While the clinical study by Goossens et al. (2008) tackles the balance of benefits and risks between removing one versus two cells, the ultimate value of analyzing any number of cells when compared with none remains to be established (Shahine and Cedars, 2006; Twisk et al., 2007). If biopsy is to cause any harm to the embryo, the ‘good’ must be high enough to justify a little ‘bad’. Two adequately powered RCTs are most often cited, although not without their own share of disapprovals. Staessen et al. (2004) performed a first RCT with no demonstrated benefit of PGS over routine IVF cycles in patients of advanced maternal age. However, the study was criticized because of the removal of two cells from all 
6-cell embryos (Cohen and Munné, 2005; Cohen et al., 2007; Munné et al., 2007). The argument put forth pertains to the lack of differences in clinical outcome that may simply reflect an actual benefit of PGS in face of the loss of two cells versus one cell. Such reasoning stands corrected with the report by Goossens et al. (2008). Most recently, Mastenbroek et al. (2007) show a compromised clinical outcome in women of advanced maternal age treated with PGS. This RCT was based on the routine biopsy of a single blastomere although the removal of a second cell was performed as needed, the prevalence of which was alas not reported in the published trial. Upon publication, this study was criticized for its use of potentially suboptimal biopsy protocols (Cohen and Grifo, 2007; Munné et al., 2007), thereby providing the impetus for testing various PGD methodologies. Even though critiques abound, discussions have delineated gold standards by which future RCTs on PGD efficacy and effectiveness should abide.

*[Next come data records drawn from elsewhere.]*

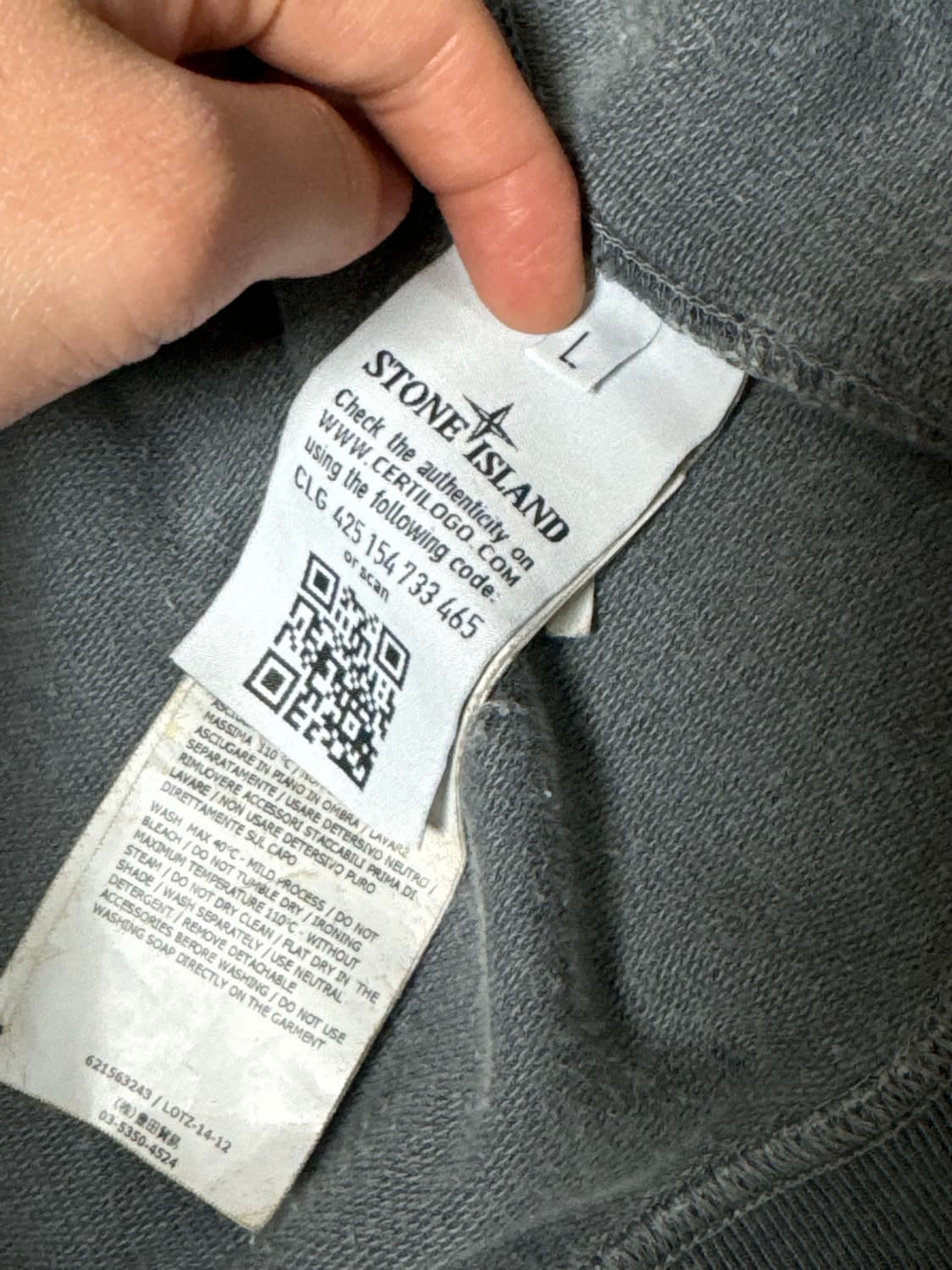 스톤아일랜드 퍼그먼트 그레이 집업 자켓 상품이미지9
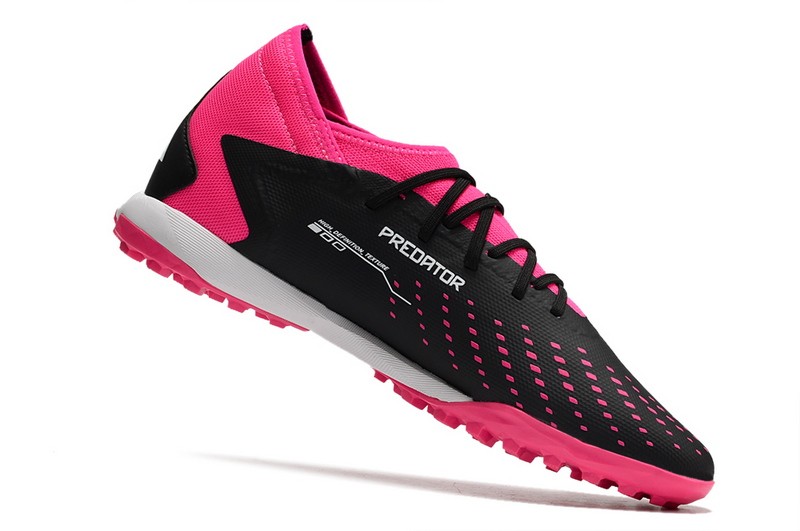 Adidas Predator Accuracy.3 TF Turf Soccer Cleats - Black/Pink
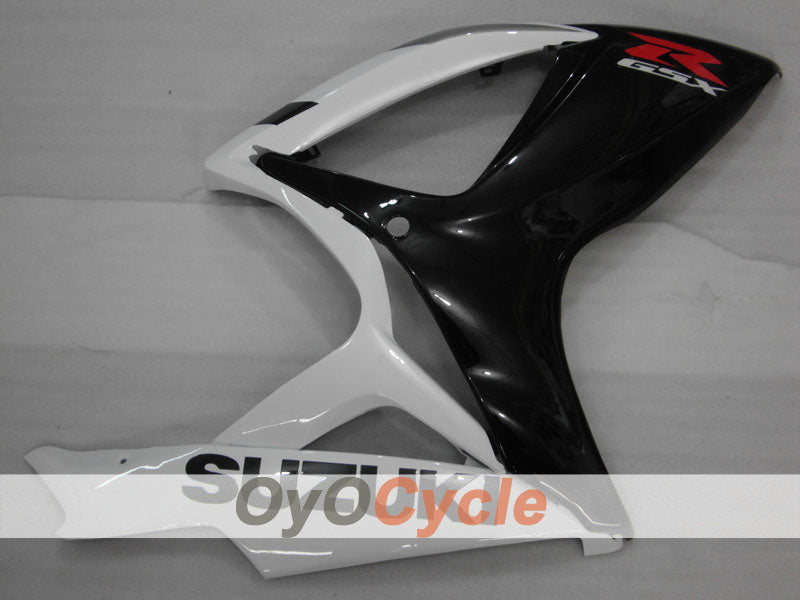 Verkleidungssatz für 06-07 GSX R600 - Weiß, Schwarz - Werksdesign #OYO87901527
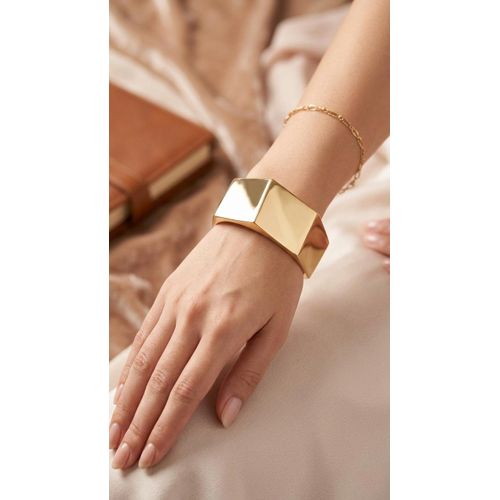 Zinc Alloy Bracelets – Geometric Multi-Faceted & Chain Design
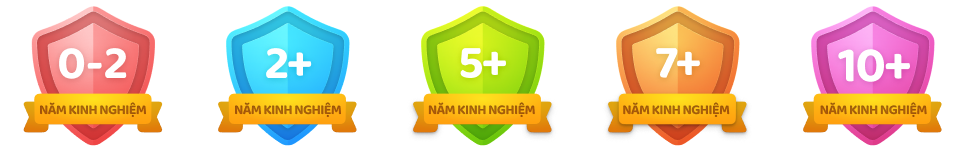 Biểu tượng danh sách chứng nhận năm kinh nghiệm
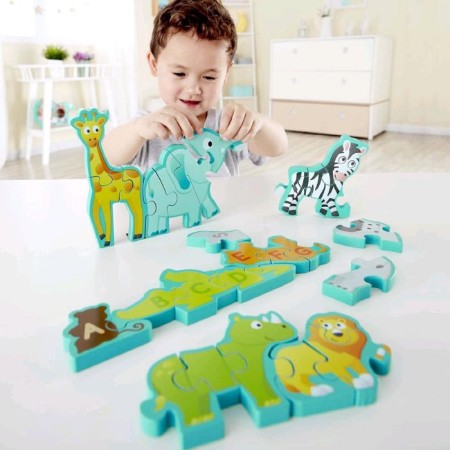 Puzzle alphabet "Animal Parade"-2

Goossens et al. (2008) report that the lack of diagnosis in PCR–PGD cycles was less likely to arise with two- versus one-cell biopsy. So while for live birth there is a slight benefit to one-cell removal, this is at the expense of a compromised efficiency in PCR diagnosis. Each type of biopsy method should thus be advocated based on the severity of the genetic disease and its reproductive risks as well as the diagnostic methodology and its proven efficiency in the hands of a given center. A choice to biopsy one or two cells will likely vary among centers with different technical proficiencies. This echoes with the sentiments from the group in New Jersey that PGD efficacy ultimately depends on ‘how good’ a center is (Munné et al., 2007). Diagnostically, removing a second cell provides a back-up system to any technical failures and procedural limitations that currently exist with PCR (Wells, 2004), notably the common lack of DNA amplification from a single cell (Goossens et al., 2008). The study by Goossens et al. (2008) thus facilitates the making of informed choices between the biopsy of one and two cells whether on a center, case and/or embryo basis.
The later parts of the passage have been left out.